LML Vespa was produced by the Indian scooter and motorcycle manufacturer geared Vespa by Piaggio. The scooter came with two different versions and now offers new yet classic scooter.

Kinetic Honda

Kinetic Honda was best two stroke scooters in India with joint venture of Kinetic Engineering and Honda Motors.

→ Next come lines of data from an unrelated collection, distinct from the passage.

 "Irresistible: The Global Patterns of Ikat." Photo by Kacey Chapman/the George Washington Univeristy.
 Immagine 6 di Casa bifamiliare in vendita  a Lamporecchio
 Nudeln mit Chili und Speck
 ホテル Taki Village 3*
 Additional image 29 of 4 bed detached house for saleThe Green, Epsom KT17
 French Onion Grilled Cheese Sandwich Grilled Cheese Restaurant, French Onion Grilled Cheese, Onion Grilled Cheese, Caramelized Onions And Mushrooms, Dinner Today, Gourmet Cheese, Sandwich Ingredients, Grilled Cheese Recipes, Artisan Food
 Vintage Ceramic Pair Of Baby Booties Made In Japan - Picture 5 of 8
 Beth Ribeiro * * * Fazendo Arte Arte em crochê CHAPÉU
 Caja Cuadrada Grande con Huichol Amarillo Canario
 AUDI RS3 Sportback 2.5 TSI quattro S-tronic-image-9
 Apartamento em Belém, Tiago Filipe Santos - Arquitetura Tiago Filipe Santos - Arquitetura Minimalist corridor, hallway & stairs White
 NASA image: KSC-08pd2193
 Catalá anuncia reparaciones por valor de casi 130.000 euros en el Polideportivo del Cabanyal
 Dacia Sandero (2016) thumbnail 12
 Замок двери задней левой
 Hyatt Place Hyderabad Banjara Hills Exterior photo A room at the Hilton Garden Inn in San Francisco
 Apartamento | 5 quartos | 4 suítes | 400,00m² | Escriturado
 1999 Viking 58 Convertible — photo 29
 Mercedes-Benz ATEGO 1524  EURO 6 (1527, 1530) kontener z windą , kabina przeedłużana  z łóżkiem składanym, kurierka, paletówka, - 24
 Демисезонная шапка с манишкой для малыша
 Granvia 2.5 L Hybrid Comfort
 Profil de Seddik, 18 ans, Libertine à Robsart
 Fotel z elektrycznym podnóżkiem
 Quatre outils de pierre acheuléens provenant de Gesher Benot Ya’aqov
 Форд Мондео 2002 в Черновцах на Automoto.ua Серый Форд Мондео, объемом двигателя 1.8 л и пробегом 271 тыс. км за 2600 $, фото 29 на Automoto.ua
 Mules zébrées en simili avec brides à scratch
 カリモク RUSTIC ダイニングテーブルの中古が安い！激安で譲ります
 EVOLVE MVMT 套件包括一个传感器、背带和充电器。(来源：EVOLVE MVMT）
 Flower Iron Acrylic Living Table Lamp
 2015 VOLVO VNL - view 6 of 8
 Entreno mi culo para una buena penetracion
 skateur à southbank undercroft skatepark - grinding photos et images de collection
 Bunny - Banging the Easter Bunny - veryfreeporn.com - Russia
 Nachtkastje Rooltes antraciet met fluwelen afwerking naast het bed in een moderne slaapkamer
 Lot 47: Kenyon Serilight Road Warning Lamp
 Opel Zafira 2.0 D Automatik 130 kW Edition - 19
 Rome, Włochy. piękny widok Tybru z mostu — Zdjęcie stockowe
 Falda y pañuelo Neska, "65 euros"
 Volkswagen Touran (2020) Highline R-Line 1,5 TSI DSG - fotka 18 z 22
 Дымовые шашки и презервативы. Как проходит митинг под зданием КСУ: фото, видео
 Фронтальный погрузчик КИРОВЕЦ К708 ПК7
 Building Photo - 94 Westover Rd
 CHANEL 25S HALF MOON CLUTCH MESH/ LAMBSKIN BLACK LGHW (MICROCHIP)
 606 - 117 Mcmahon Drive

Jawa became a very successful brand in India in the 70s and 80s. The bikes were slightly more affordable than the big RE's and therefore attracted a lot of people. The Jawa was also very popular in motorsport and did pretty well in international and local races. The Jawa 250s became very popular, with its classic design and sturdy build quality, which attracted a lot of people. The cult status of Jawa is strong even today, which is why the brand was recently resurrected by Mahindra.

Yezdi 250

Apart from the Jawa, the Yezdi brand also became very popular. The Yezdi 250 was built on an old rally chassis, and that is why the bike was considered to be as tough as nails. It soon started taking part in rally races where the bike was very successful. The engine was a brilliant 250cc two-stroke engine with 16bhp and 23Nm of torque. The design was interesting, and the bike soon became very popular and changed the motorcycle scene in India, with its lighter body and overall better performance. Even today the Yezdi costs a lot to buy from a collector, and there is talk of reviving the brand just like Jawa.

Ind Suzuki AX100

Ind-Suzuki AX 100 is a two-stroke, 98 cc motorcycle from Tvs-Suzuki. It was made in Japan, India and China.
The Ind-Suzuki Ax-100 was the result of the collaboration between the Japanese giants Suzuki Motor Corporation and the "Sundaram Clayton" (Later TVS). This was the first-ever 100cc motorcycle launched in INDIA. The first batch vehicles came as Completely Knocked Down kits due to this reason the production cost was a bit higher. It was successful during the launch period but failed to repeat the success it had in the later years

Kawasaki Caliber

The Bajaj Kawasaki Caliber was a motorcycle developed and sold by Kawasaki and Bajaj in India from 1998 to 2006. It was made by incorporating some improvements in the Bajaj 4S. One of the changes was the addition of an oil filter. The Caliber had a 111.6-cubic-centimetre engine

Kinetic Luna

Kinetic Luna is a 50 cc moped that was introduced by Kinetic Engineering in India in 1972.[1] The Kinetic Luna continues to be produced and marketed in India. It is marketed in the USA as Kinetic TFR. A 35 cc version, the Luna Wings, was also produced. The original Luna of 1972 was a licensed copy of Piaggio Ciao moped. It has since been updated by Kinetic until the end of production in early 2000s.


Lambretta (Italian pronunciation: [lamˈbretta]) is the brand name of mainly motor scooters, initially manufactured in Milan, Italy, by Innocenti.

The name is derived from the word Lambrate, the suburb of Milan named after the river Lambro which flows through the area, and where the factory was located. Lambretta was the name of a mythical water-sprite associated with the river which runs adjacent to the former production site.

In 1972, the Indian government bought the machinery of the Milanese factory, creating Scooters India Limited (SIL) in order to produce the Lambro three-wheeler under the name Vikram for the domestic market. Lambretta scooters were also manufactured under licence by Fenwick in France, NSU in Germany, Serveta in Spain, API in India, Yulon in Taiwan, Pasco in Brazil, Auteco in Colombia and Siambretta in Argentina.